START TASK INPUT

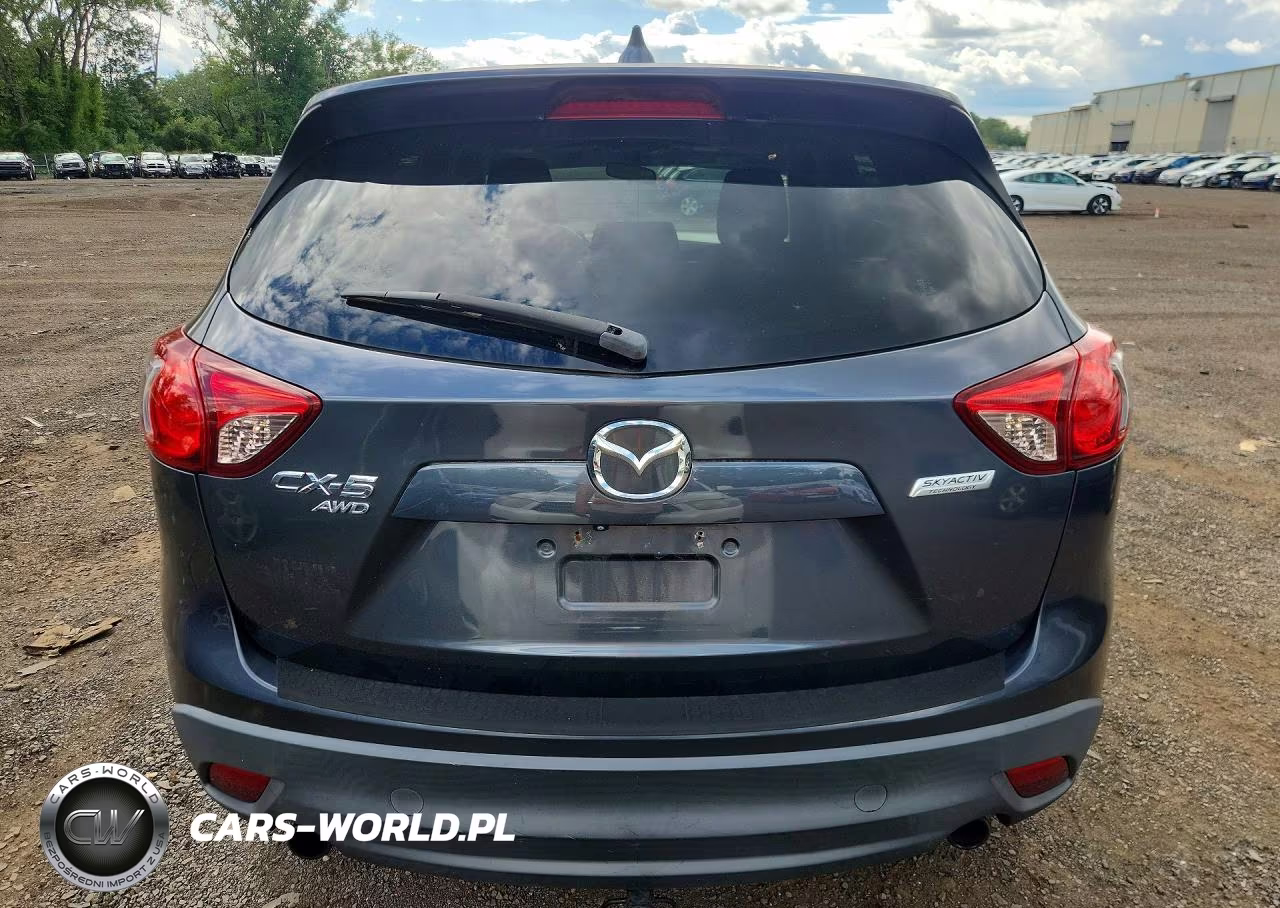 2013 Mazda Cx-5 Touring VIN:JM3KE4CE8D0100563 - 6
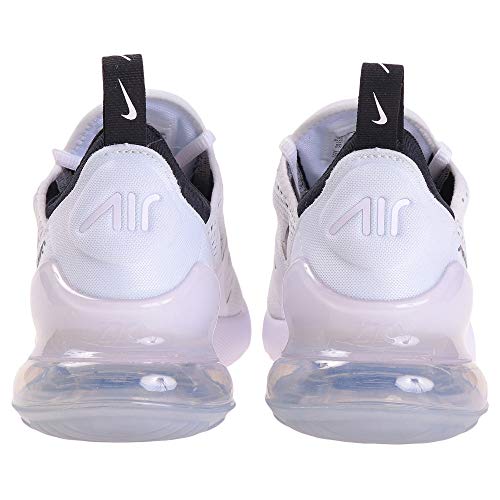 Nike W Air MAX 270, Zapatillas de Running para Mujer, Blanco (White/Black-White 100), 36.5 EU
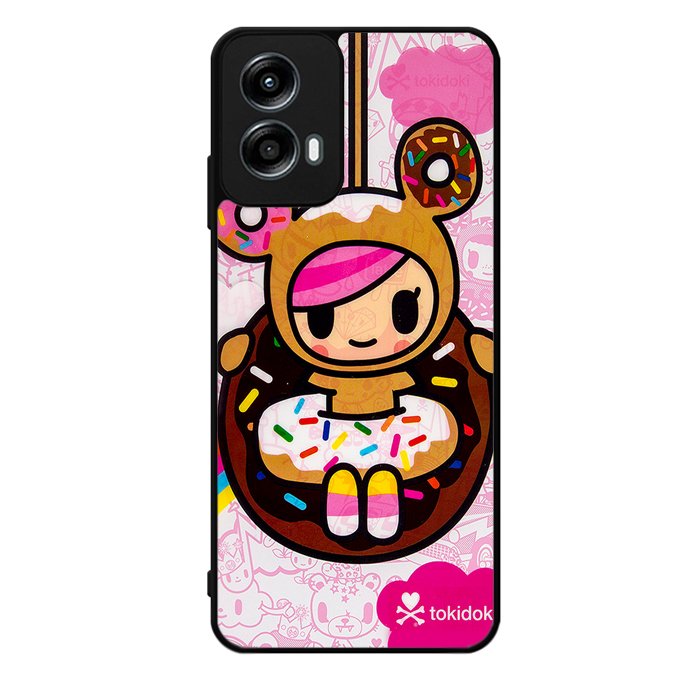 Tokidoki Donutella Motorola Moto G Play 2024 Case OV1346
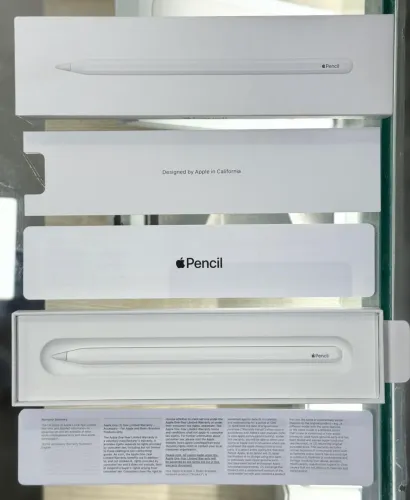 Apple pencil 2 ª geração garantia Apple até: 01/10/2026 LOJA FÍSICA caixa e manual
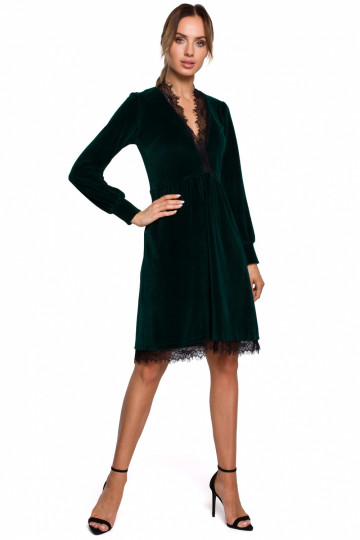 Veliūrinė vakarinė suknelė...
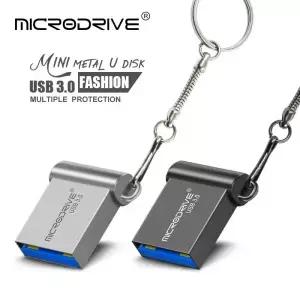 미니 USB 3.0 플래시 드라이브 펜 16GB 스틱 방수 메모리 실제 용량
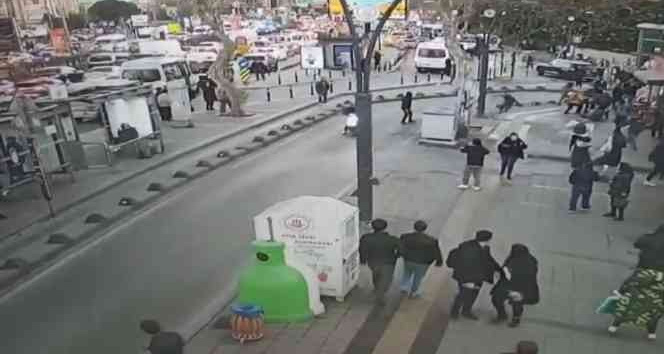 4. Levent’teki cinayet anının güvenlik kamerası görüntüleri ortaya çıktı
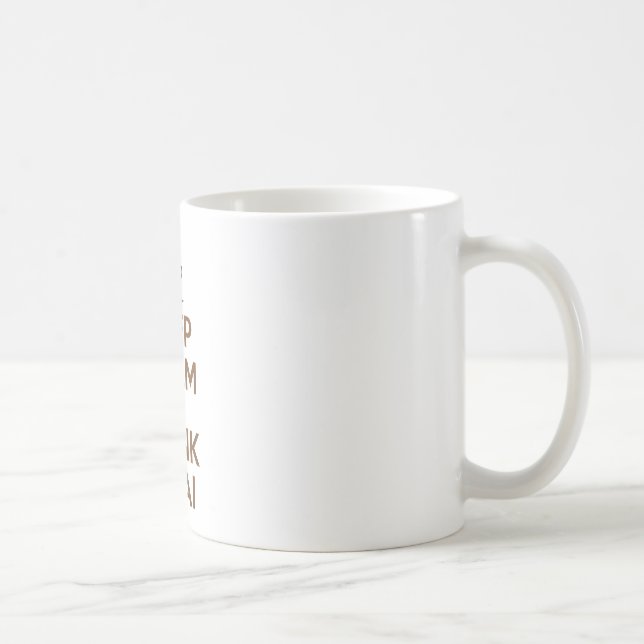 MUG MAINTENEZ CALME ET BOISSON CHAI (Droite)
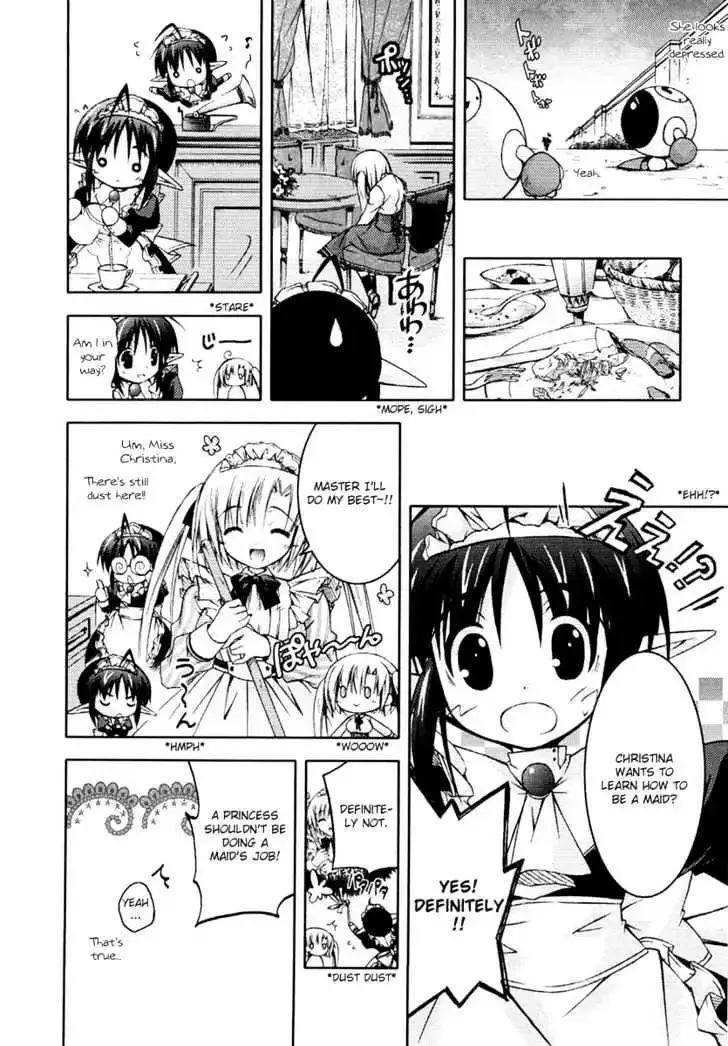 Shina Dark ~Kuroki Tsuki no Ou to Souheiki no Himegimi~ Chapter 7 page 22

END TASK INPUT

** WHAT NEEDS TO BE DONE **
The required answer is an exact copy of the lines from the one containing "Veliūrinė vakarinė suknelė..." through the last line of the material, with the pictures removed.

** COMPLETED EXERCISE **
 Veliūrinė vakarinė suknelė...
 미니 USB 3.0 플래시 드라이브 펜 16GB 스틱 방수 메모리 실제 용량
 4. Levent’teki cinayet anının güvenlik kamerası görüntüleri ortaya çıktı
 MUG MAINTENEZ CALME ET BOISSON CHAI (Droite)
 Shina Dark ~Kuroki Tsuki no Ou to Souheiki no Himegimi~ Chapter 7 page 22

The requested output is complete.